Nothing should appear in the answer except the lines below from the line containing "Welcome to the" through the line containing "Beneath the brush", copied exactly, with pictures left out.

* [Dataset excerpts]:

<<<<

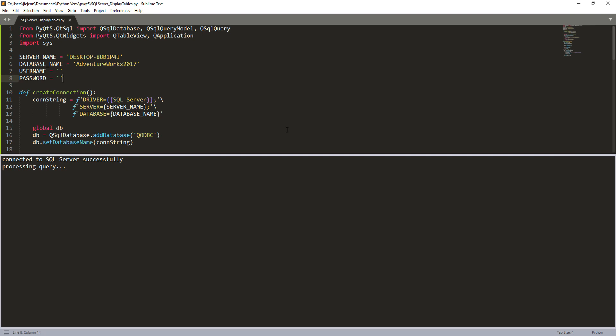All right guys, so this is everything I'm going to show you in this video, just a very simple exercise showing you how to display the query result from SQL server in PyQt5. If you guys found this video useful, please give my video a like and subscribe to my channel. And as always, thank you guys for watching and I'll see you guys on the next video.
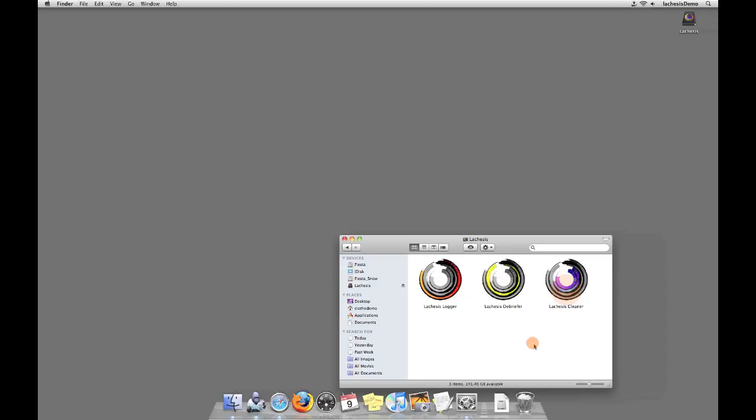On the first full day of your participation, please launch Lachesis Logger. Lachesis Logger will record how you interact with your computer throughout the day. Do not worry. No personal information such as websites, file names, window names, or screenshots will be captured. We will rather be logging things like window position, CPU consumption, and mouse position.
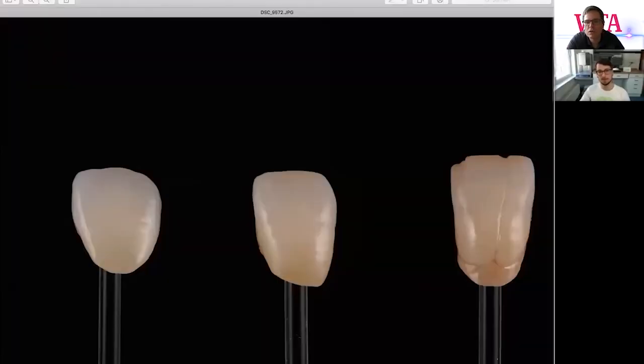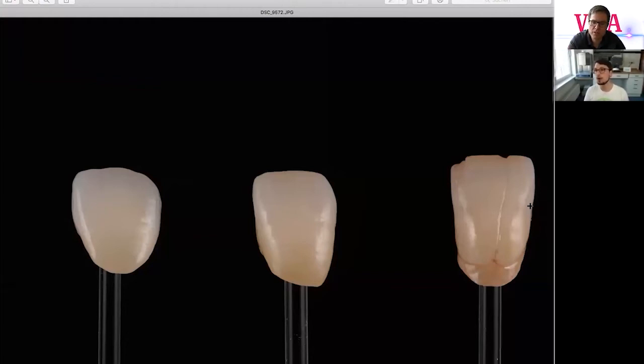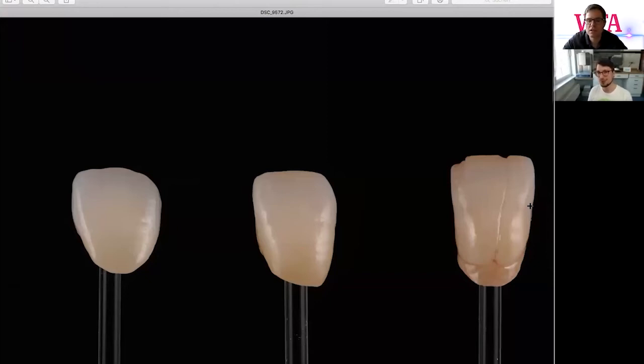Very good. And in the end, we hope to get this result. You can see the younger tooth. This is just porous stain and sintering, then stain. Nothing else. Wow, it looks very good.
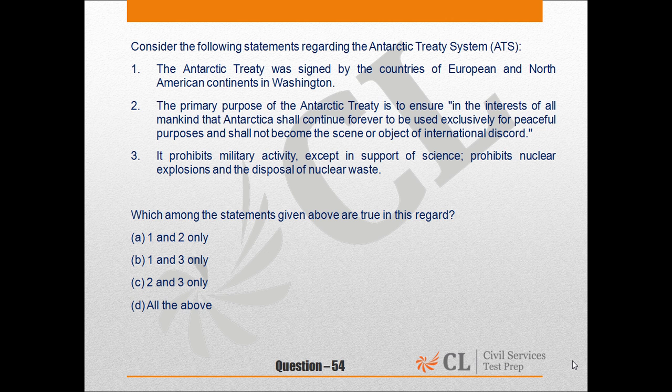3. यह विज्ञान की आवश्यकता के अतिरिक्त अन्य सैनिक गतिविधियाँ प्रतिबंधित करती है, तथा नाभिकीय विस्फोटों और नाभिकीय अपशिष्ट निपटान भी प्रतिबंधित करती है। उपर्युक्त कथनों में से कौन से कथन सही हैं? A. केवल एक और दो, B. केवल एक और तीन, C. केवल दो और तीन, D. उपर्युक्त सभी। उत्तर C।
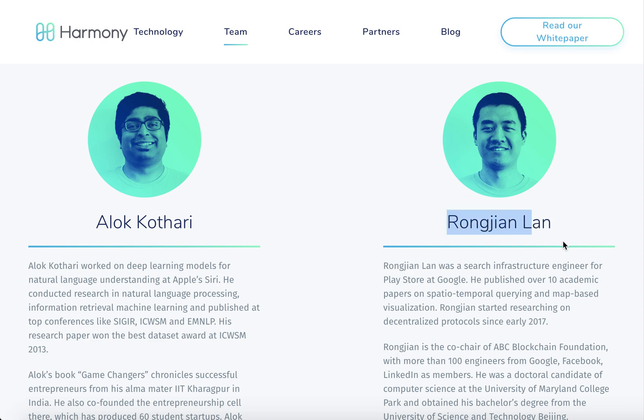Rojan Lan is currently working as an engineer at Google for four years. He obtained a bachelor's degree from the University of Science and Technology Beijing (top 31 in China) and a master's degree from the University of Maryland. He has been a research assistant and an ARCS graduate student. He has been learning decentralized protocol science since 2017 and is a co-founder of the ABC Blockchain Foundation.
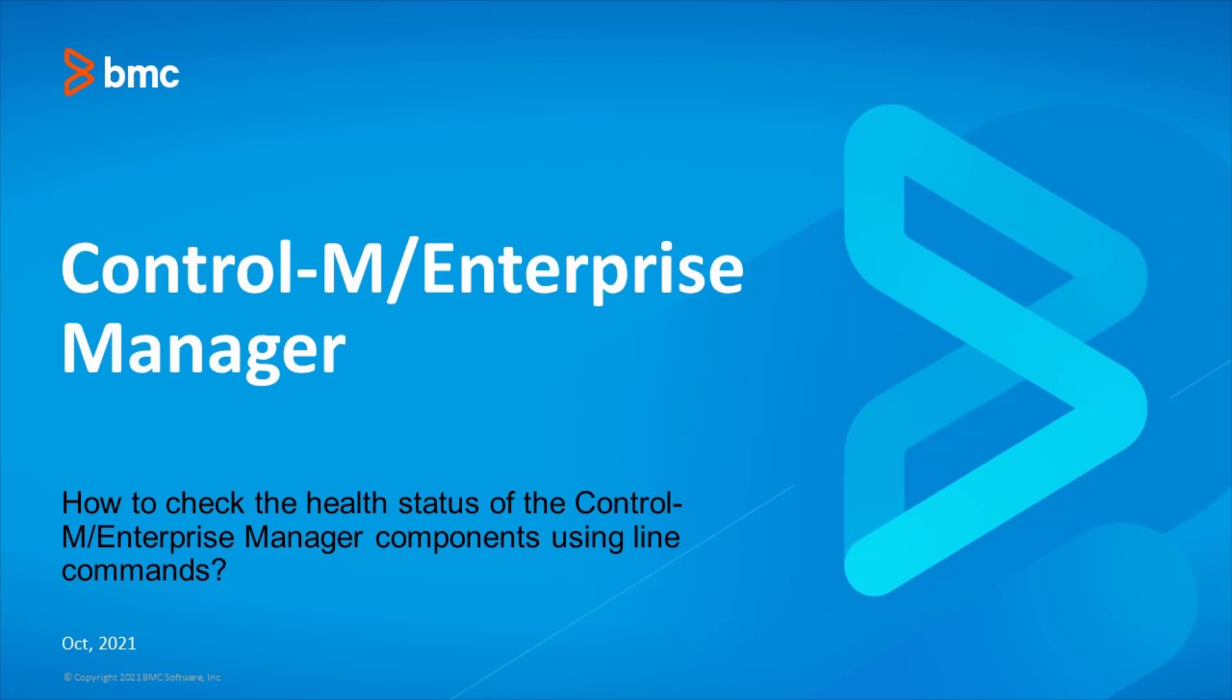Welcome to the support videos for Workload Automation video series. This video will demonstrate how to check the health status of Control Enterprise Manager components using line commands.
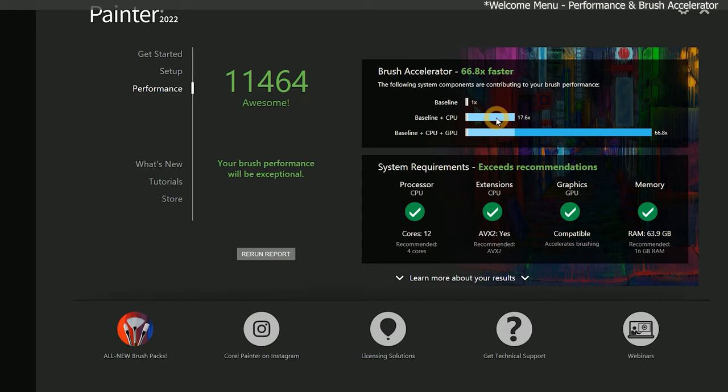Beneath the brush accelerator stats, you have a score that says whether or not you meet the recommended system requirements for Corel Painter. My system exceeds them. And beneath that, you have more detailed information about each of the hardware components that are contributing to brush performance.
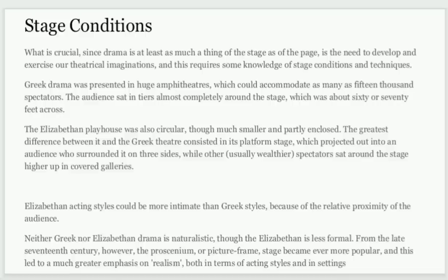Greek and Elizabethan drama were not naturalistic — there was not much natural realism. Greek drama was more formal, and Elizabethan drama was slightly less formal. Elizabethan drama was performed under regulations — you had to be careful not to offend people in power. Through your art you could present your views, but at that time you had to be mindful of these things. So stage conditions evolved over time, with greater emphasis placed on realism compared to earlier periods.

>>>>
<<<<

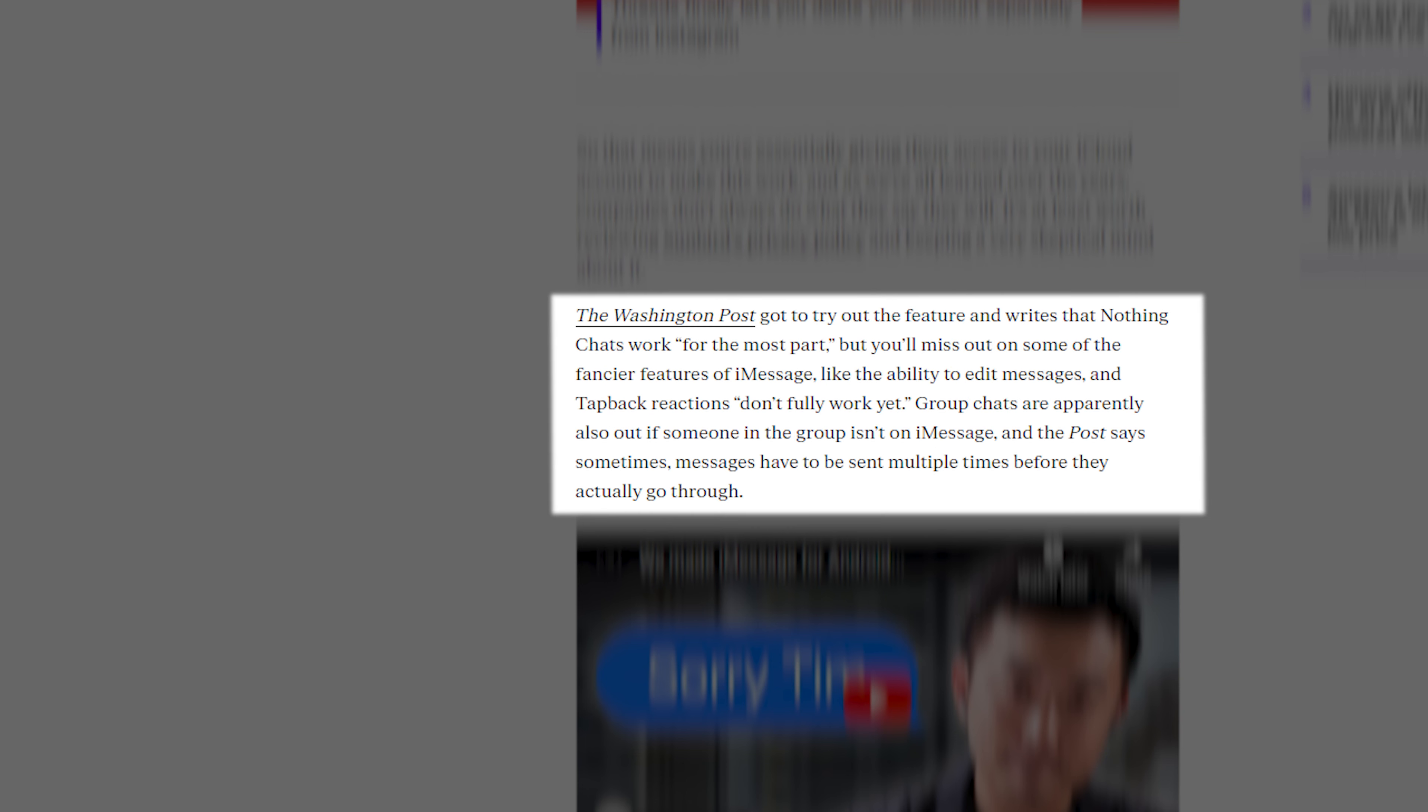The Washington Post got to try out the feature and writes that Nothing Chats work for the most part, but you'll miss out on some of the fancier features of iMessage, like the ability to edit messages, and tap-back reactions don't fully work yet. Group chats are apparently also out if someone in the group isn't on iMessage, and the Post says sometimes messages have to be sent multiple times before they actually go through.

>>>>

* [Solution for this exercise]:
Welcome to the support videos for Workload Automation video series. This video will demonstrate how to check the health status of Control Enterprise Manager components using line commands.
Beneath the brush accelerator stats, you have a score that says whether or not you meet the recommended system requirements for Corel Painter. My system exceeds them. And beneath that, you have more detailed information about each of the hardware components that are contributing to brush performance.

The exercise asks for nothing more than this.